• _Action item_
Include the line with "So that is how" and every line before it in the entries below, echoed exactly, but not the pictures.

• _Available data_
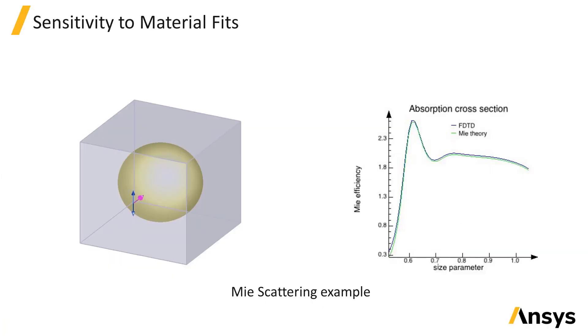The response of some devices, such as plasmonic devices, can be sensitive to the material properties. To test the sensitivity of the results to the material fit, rerun the simulation with several different fits. Another option is to run a series of single frequency simulations, which avoids the need for broadband material fitting.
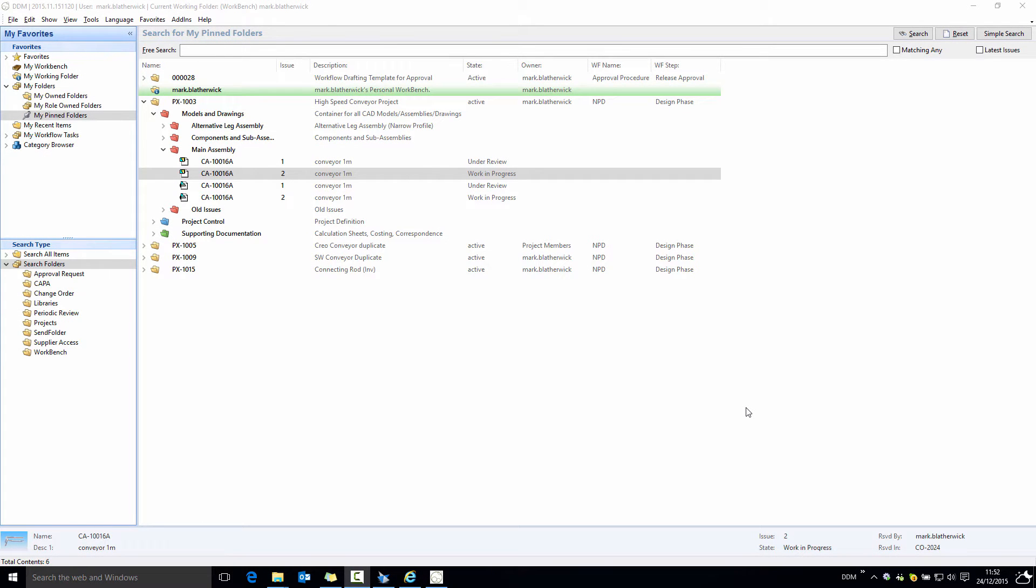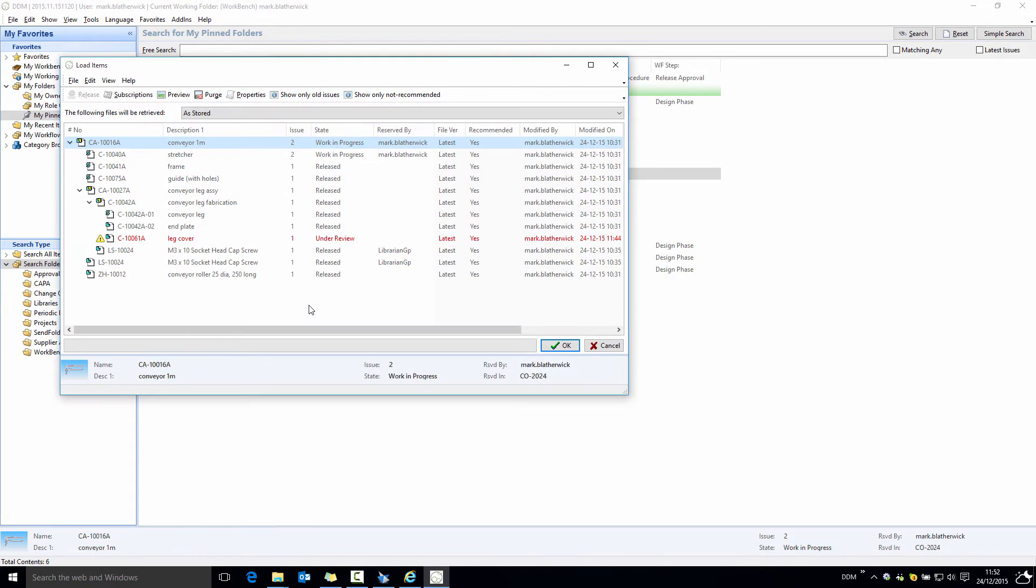The 2015.11 release of DDM sees some enhancements to the load manager window. One significant improvement is the performance of opening this window, especially with customers working with large assemblies. If we select to load this assembly, the window should open much more quickly on large assemblies.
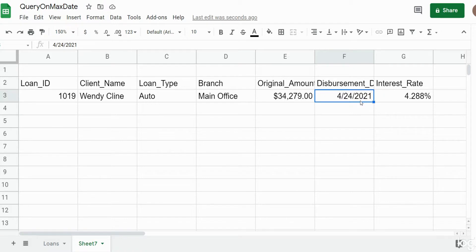So that is how you can build a query that will always pull back the maximum date from a date field based on max date criteria.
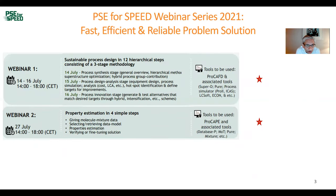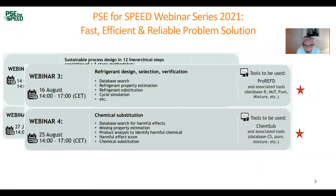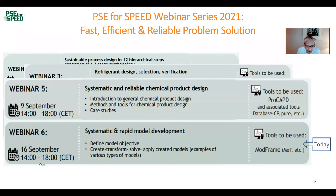To review, we started on 14th July with webinar one, which was about sustainable process design in 12 hierarchical steps — a three-stage methodology covering synthesis, design, and innovation. Webinar two was property estimation, webinar three was refrigerant design and selection, webinar four was chemical substitution, webinar five was systematic and reliable chemical product design, and now we finish with webinar six on systematic and rapid model development.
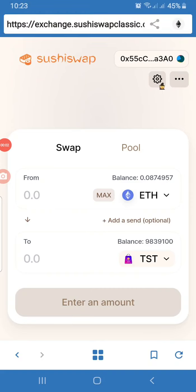Hello everyone, welcome to another video about TST. In this video I'm going to show you how to add and how to remove liquidity from the ETH/TST liquidity pool on SushiSwap. What we have here is SushiSwap opened within the browser of Trust Wallet.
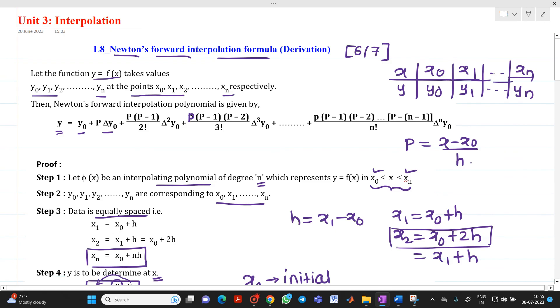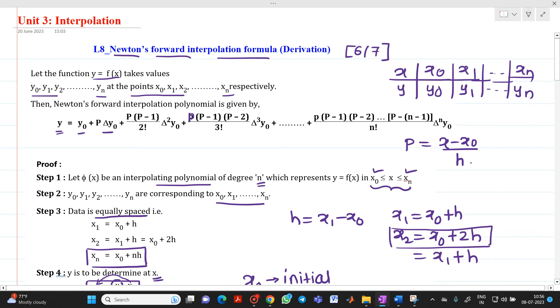So the question may be asked for 6 to 7 marks: derive Newton's forward interpolation formula. You can refer to this video. Thank you for watching. If you have any doubt, please feel free to ask. Thank you once again.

• _Solution_
The response of some devices, such as plasmonic devices, can be sensitive to the material properties. To test the sensitivity of the results to the material fit, rerun the simulation with several different fits. Another option is to run a series of single frequency simulations, which avoids the need for broadband material fitting.
The 2015.11 release of DDM sees some enhancements to the load manager window. One significant improvement is the performance of opening this window, especially with customers working with large assemblies. If we select to load this assembly, the window should open much more quickly on large assemblies.
So that is how you can build a query that will always pull back the maximum date from a date field based on max date criteria.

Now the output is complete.